EXERCISE PROMPT » Look through the entries below and copy exactly the part that begins with the line containing "Used Volvo XC40" and ends with the line containing "Νοέμβριος 2015: Σκηνές". Do not copy the pictures.

┌─ SOURCE MATERIAL

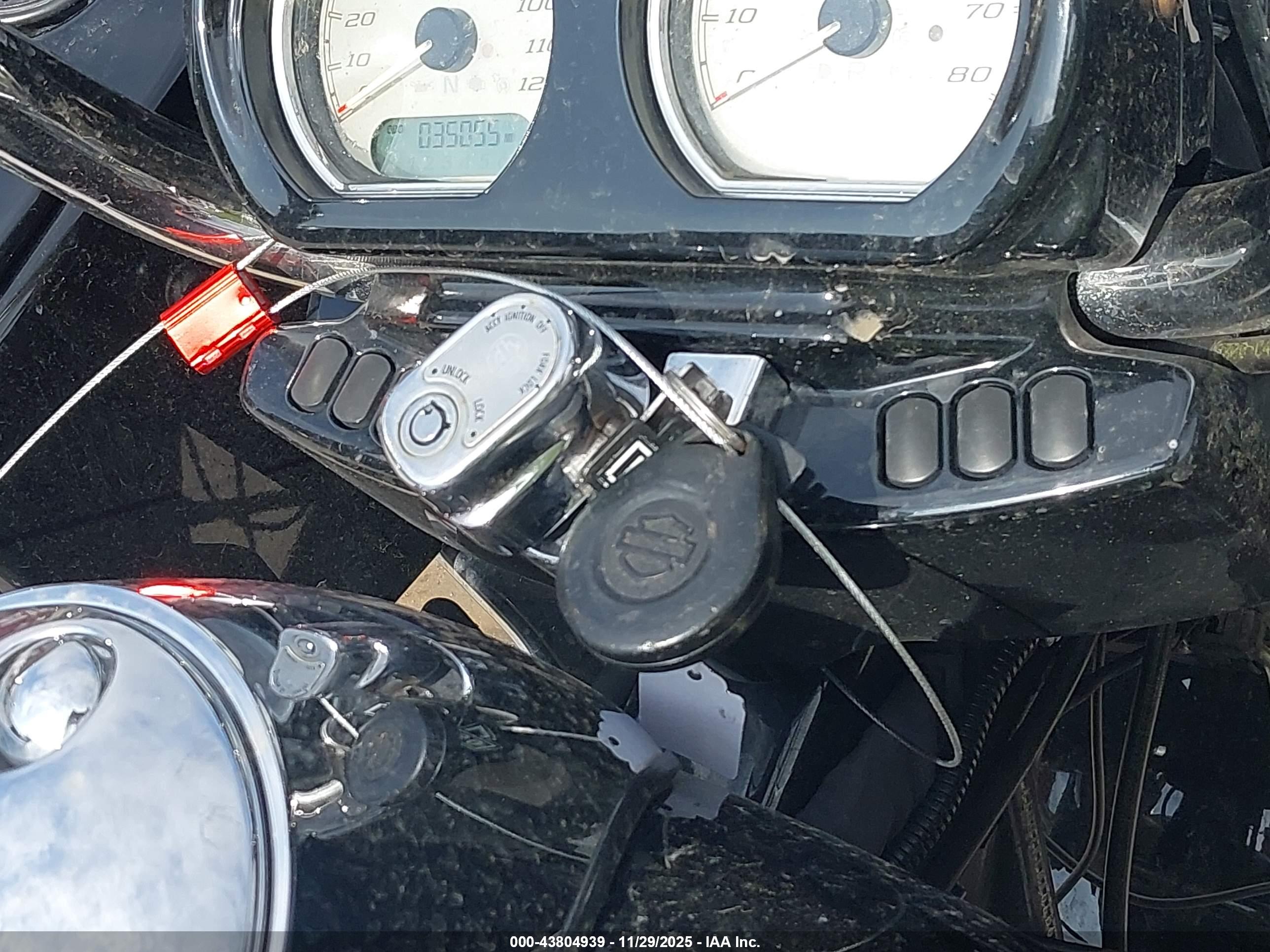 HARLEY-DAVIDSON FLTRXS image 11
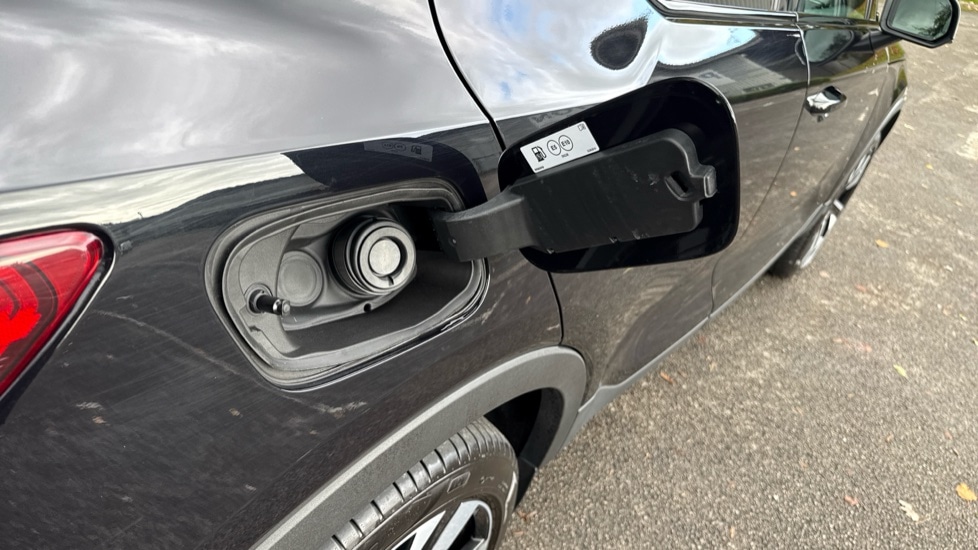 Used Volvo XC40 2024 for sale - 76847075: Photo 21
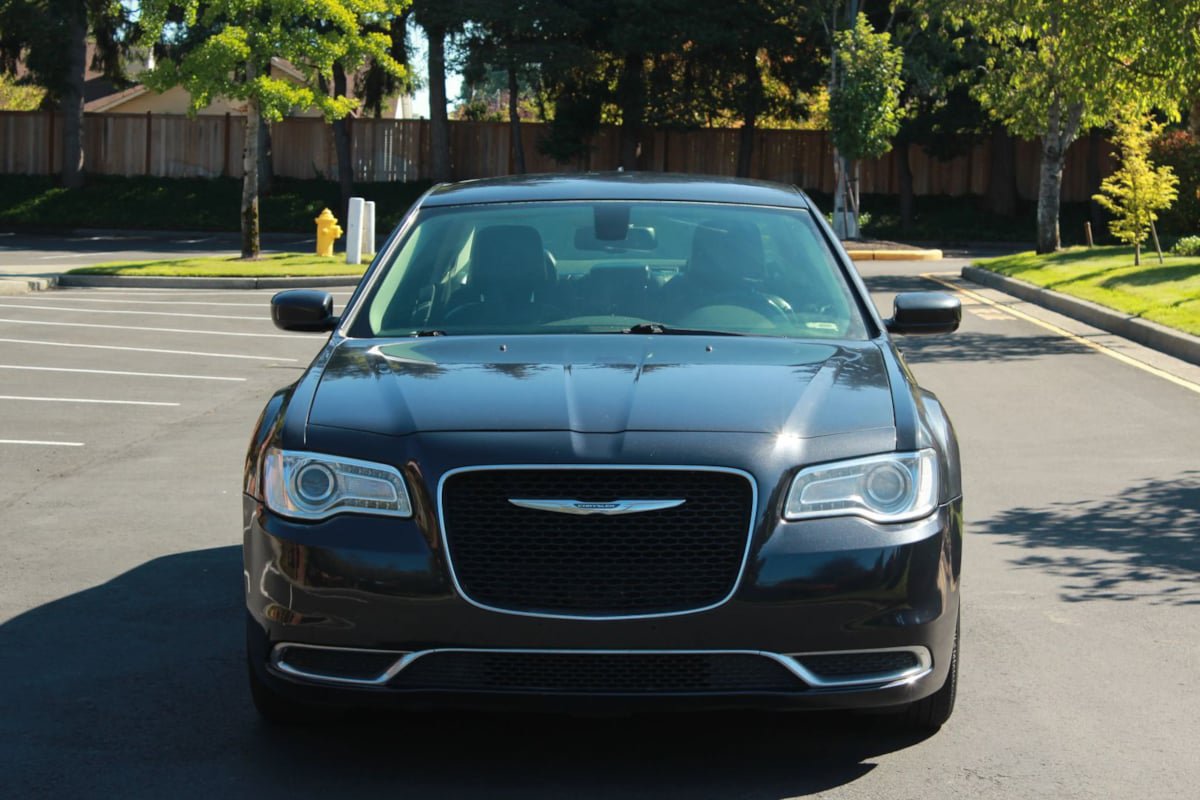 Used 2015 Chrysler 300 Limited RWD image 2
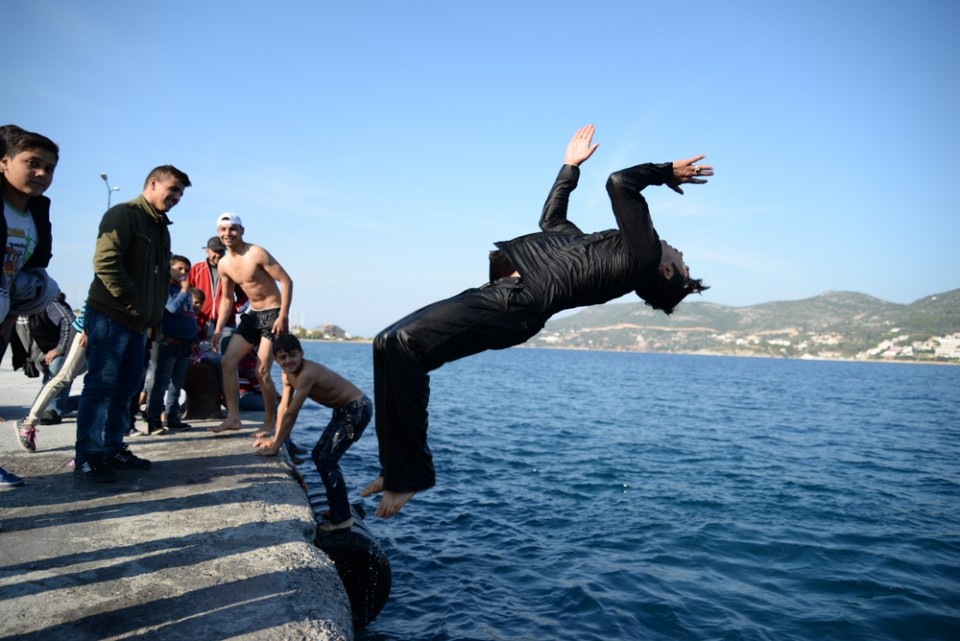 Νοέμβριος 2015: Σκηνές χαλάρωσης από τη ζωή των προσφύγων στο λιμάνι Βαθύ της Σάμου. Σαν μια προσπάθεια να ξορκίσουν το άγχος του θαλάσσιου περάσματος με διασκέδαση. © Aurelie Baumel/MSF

└─
┌─ SOURCE MATERIAL

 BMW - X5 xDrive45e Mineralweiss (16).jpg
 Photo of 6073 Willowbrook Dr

└─

EXERCISE OUTPUT »
 Used Volvo XC40 2024 for sale - 76847075: Photo 21
 Used 2015 Chrysler 300 Limited RWD image 2
 Νοέμβριος 2015: Σκηνές χαλάρωσης από τη ζωή των προσφύγων στο λιμάνι Βαθύ της Σάμου. Σαν μια προσπάθεια να ξορκίσουν το άγχος του θαλάσσιου περάσματος με διασκέδαση. © Aurelie Baumel/MSF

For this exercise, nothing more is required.